“Ekonomik suça, ekonomik ceza” anlayışı kapitalist sistemin özünü oluşturur. (Elbette sahtekârlık, dolandırıcılık gibi hareket etmemek kaydıyla.) Bir insanın, tüccarın, müteşebbisin, tacirin her neyse, karşılıksız çek nedeniyle hapis yatması, hürriyetinden olması, sistemin özüne terstir. (Kimi görüş sahibi, karşılıksız çek vermenin, sahte para basmak anlamına geldiğini savunuyor. Aynı görüşte olmamak kaydıyla bu teorik tartışmaya girmeyeceğim.)
Hükümet doğru bir kararla, 2012 yılından itibaren hapis cezasını kaldırdı. (6273 sayılı Çek Kanunu’nda Değişiklik Yapılmasına Dair Kanun.) O günden bu güne hapis cezasının kaldırılmasının tartışması bitmedi. Bu değişikliğin çek kullanımını kolaylaştırdığına ve sahtekârlığın arttığına dair görüş (bilgi sahibi olmadan) toplumca benimsendi. Halbuki çek kullananların sicilleri artık ilgilisi tarafından görülebildiği (kredibilitesi derecelendirildiğinden) için daha önce çeki karşılıksız çıkarak siciline işlenen firma veya kişiler için hayat daha zorlaştı. Hapis cezası yok ama çeki karşılıksız çıkarak kayıtlara alınan bir kişi bir daha çek kullanamaz hale geldi.

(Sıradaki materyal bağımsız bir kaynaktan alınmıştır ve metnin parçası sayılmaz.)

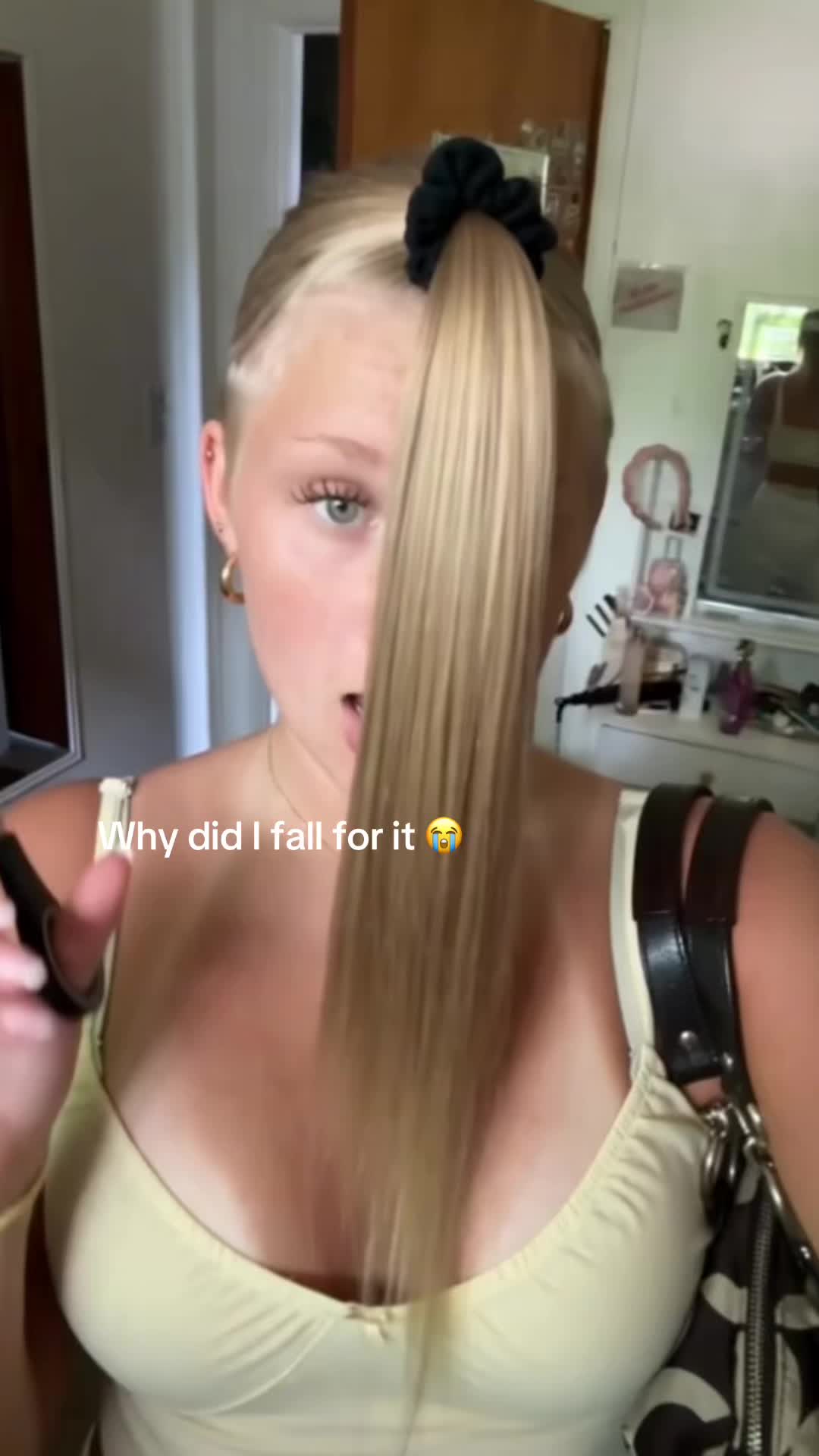 @JYoung101
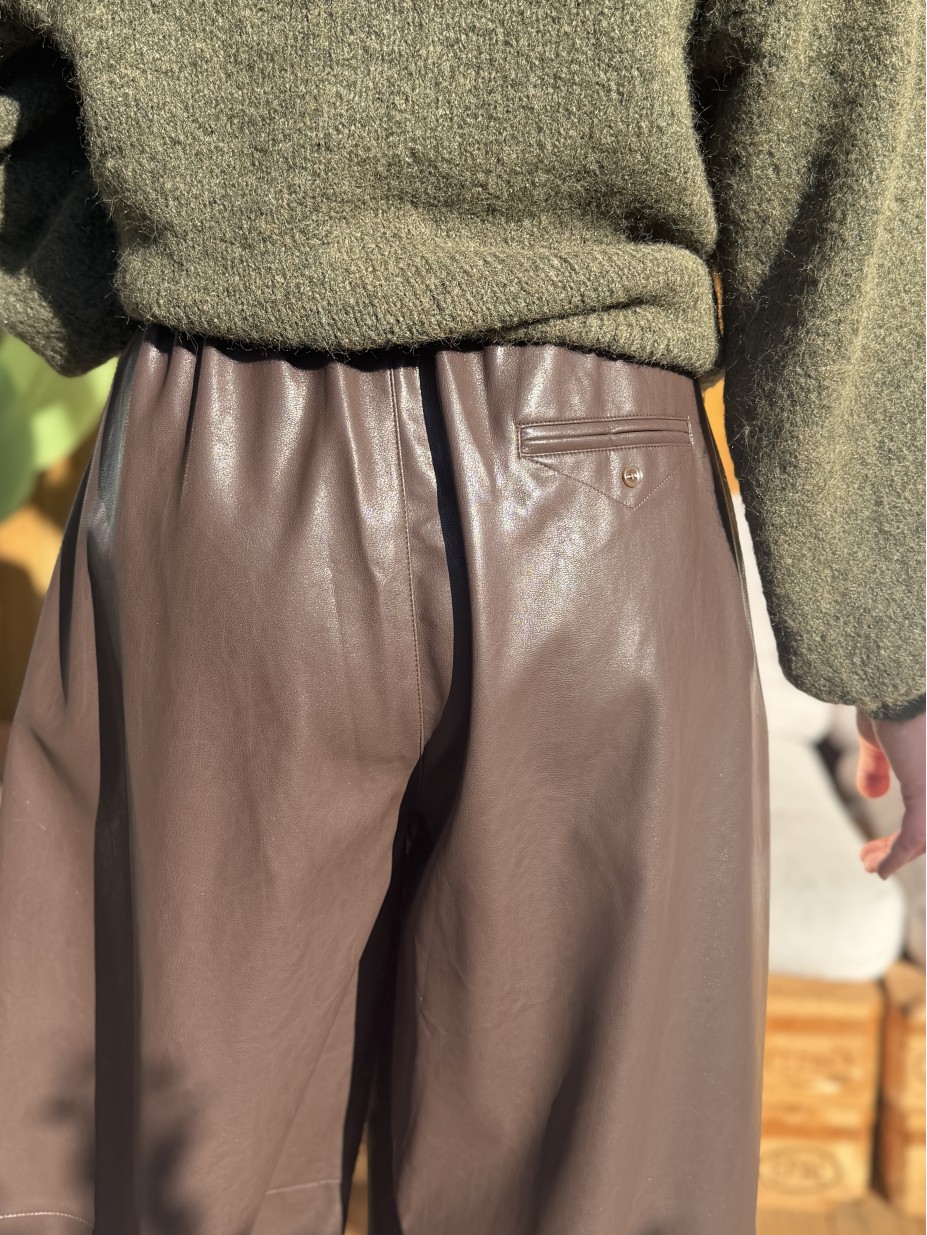 PANTALON GABANO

Üstelik çeklerin karşılıksız çıkma oranı ile ekonomik faaliyetlerin düzeyi arasında yakın bir ilişki var. Ekonomik göstergeler bozulduğunda ödeme güçlüğüne girenlerin sayısı artıyor ve karşılıksız çek miktarı artıyor ya da çekle ticaret yavaşlıyor.